Refleksi Hardikda ke-66: Dari Tekad Bulat Indatu Menuju Karya Nyata Sang Guru untuk Aceh Unggul dan Maju

Pendidikan32 Dilihat

Oleh: JUNAIDI, SST., M.Pd. Kepala Bidang Pembinaan Guru dan Tenaga Kependidikan, Dinas Pendidikan Aceh.

Banda Aceh – Gema takbir dan hentakan kaki para peserta upacara di seluruh penjuru Tanah Rencong pada pagi hari ini, Selasa, 2 September 2025, bukan sekadar seremoni rutin.

Ini adalah sebuah gema yang merambat melintasi waktu, sebuah resonansi dari semangat yang sama yang berkobar 66 tahun silam, ketika Presiden Soekarno meresmikan Tugu Darussalam dan menitahkannya sebagai jantung hati (jantong hate) rakyat Aceh.

Hari ini, di bawah langit Aceh yang cerah, kita tidak hanya memperingati, tetapi juga menggugat kembali diri kita: Sudah sejauh mana kita membawa amanah pendidikan yang diperjuangkan dengan darah, keringat, dan harta benda oleh para pendahulu (indatu) kita?

Tema Hardikda ke-66, “Wujudkan Pendidikan Unggul Menuju Aceh Maju,” bukanlah sekadar untaian kata indah.

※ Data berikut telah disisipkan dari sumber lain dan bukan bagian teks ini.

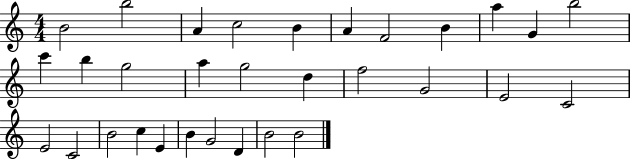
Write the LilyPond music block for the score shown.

{
  \clef treble
  \numericTimeSignature
  \time 4/4
  \key c \major
  b'2 b''2 | a'4 c''2 b'4 | a'4 f'2 b'4 | a''4 g'4 b''2 | \break c'''4 b''4 g''2 | a''4 g''2 d''4 | f''2 g'2 | e'2 c'2 | \break e'2 c'2 | b'2 c''4 e'4 | b'4 g'2 d'4 | b'2 b'2 | \break \bar "|."
}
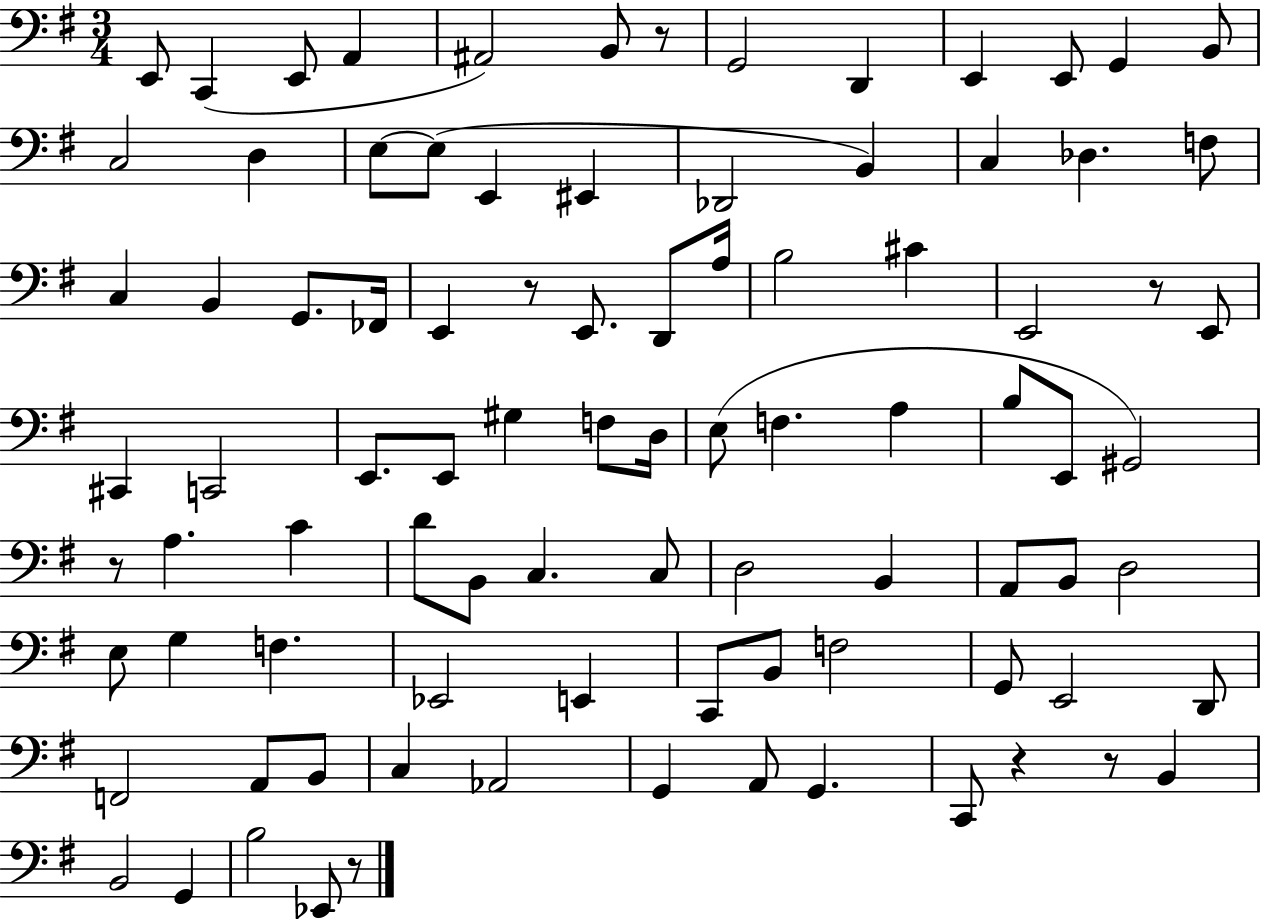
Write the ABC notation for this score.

X:1
T:Untitled
M:3/4
L:1/4
K:G
E,,/2 C,, E,,/2 A,, ^A,,2 B,,/2 z/2 G,,2 D,, E,, E,,/2 G,, B,,/2 C,2 D, E,/2 E,/2 E,, ^E,, _D,,2 B,, C, _D, F,/2 C, B,, G,,/2 _F,,/4 E,, z/2 E,,/2 D,,/2 A,/4 B,2 ^C E,,2 z/2 E,,/2 ^C,, C,,2 E,,/2 E,,/2 ^G, F,/2 D,/4 E,/2 F, A, B,/2 E,,/2 ^G,,2 z/2 A, C D/2 B,,/2 C, C,/2 D,2 B,, A,,/2 B,,/2 D,2 E,/2 G, F, _E,,2 E,, C,,/2 B,,/2 F,2 G,,/2 E,,2 D,,/2 F,,2 A,,/2 B,,/2 C, _A,,2 G,, A,,/2 G,, C,,/2 z z/2 B,, B,,2 G,, B,2 _E,,/2 z/2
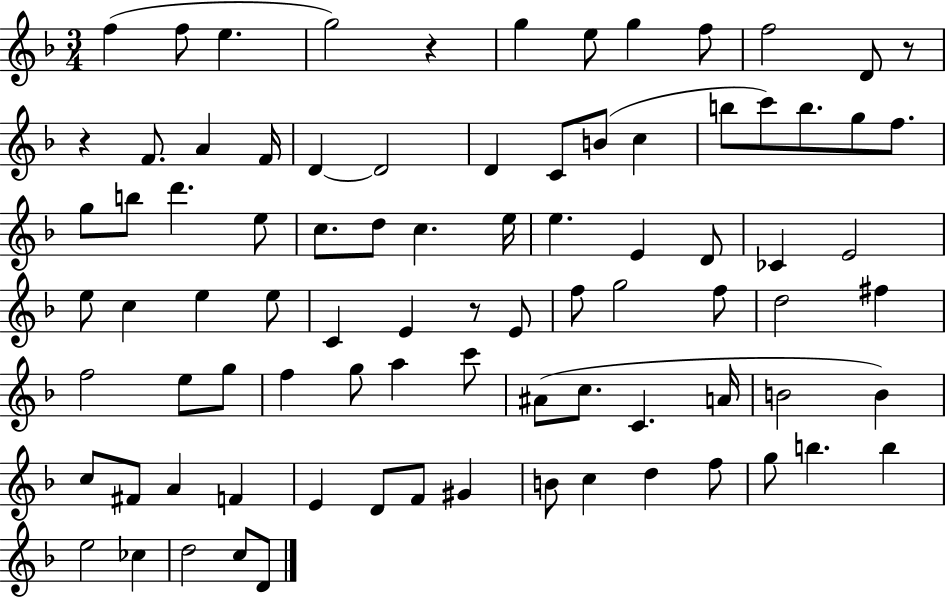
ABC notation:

X:1
T:Untitled
M:3/4
L:1/4
K:F
f f/2 e g2 z g e/2 g f/2 f2 D/2 z/2 z F/2 A F/4 D D2 D C/2 B/2 c b/2 c'/2 b/2 g/2 f/2 g/2 b/2 d' e/2 c/2 d/2 c e/4 e E D/2 _C E2 e/2 c e e/2 C E z/2 E/2 f/2 g2 f/2 d2 ^f f2 e/2 g/2 f g/2 a c'/2 ^A/2 c/2 C A/4 B2 B c/2 ^F/2 A F E D/2 F/2 ^G B/2 c d f/2 g/2 b b e2 _c d2 c/2 D/2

Ia adalah sebuah kontrak sosial, sebuah janji yang harus kita tunaikan bersama.

Sebagai Kepala Bidang yang diamanahkan untuk membina para guru dan tenaga kependidikan, pasukan terdepan di medan perang kecerdasan, tema ini terasa begitu personal dan mendalam.

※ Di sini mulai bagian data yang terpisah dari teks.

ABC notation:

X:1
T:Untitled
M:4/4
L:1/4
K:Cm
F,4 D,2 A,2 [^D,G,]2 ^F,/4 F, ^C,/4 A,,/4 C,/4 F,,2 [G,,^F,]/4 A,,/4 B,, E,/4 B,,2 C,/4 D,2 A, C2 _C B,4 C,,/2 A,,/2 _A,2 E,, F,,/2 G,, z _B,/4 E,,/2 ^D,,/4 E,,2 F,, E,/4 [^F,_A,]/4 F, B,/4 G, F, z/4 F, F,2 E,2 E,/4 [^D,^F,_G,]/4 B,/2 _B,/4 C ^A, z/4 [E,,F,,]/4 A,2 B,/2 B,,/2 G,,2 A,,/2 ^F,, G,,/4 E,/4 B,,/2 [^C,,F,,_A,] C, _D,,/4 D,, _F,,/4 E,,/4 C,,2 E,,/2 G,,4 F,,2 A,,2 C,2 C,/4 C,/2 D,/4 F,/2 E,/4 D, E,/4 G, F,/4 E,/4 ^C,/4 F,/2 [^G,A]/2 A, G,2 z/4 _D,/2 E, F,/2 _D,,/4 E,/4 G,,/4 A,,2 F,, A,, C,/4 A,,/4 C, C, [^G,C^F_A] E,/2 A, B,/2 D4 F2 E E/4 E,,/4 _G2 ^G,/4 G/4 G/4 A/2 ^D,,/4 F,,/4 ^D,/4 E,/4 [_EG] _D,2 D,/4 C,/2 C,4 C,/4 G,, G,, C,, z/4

Ia adalah denyut nadi dari setiap program yang kami rancang, setiap kebijakan yang kami rumuskan, dan setiap harapan yang kami titipkan di pundak para pendidik.

Setiap kali saya memandang Tugu Darussalam, saya tidak melihatnya sebagai monumen batu.

Saya melihatnya sebagai manifestasi dari “tekad bulat yang melahirkan perbuatan nyata.” Kopelma Darussalam tidak lahir dari ruang hampa.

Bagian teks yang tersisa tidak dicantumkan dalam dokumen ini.